From the entries below, output the line with "衝撃顔の猫とスマホで遊ぶ人間" and each following line up to and including the line with "Описание и правила", exactly as written.
═════ Available data
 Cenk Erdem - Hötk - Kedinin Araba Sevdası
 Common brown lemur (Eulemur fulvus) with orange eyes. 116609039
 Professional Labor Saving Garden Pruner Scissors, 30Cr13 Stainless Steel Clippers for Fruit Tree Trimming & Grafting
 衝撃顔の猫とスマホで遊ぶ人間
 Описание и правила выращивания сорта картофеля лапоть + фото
══════════
═════ Available data
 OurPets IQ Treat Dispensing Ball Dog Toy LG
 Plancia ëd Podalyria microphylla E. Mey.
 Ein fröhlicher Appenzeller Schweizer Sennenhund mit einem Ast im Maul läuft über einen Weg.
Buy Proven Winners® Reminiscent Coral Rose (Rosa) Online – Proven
══════════
═════ Available data
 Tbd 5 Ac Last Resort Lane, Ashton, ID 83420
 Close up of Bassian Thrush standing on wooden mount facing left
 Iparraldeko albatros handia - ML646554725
══════════
**Written solution**
 衝撃顔の猫とスマホで遊ぶ人間
 Описание и правила выращивания сорта картофеля лапоть + фото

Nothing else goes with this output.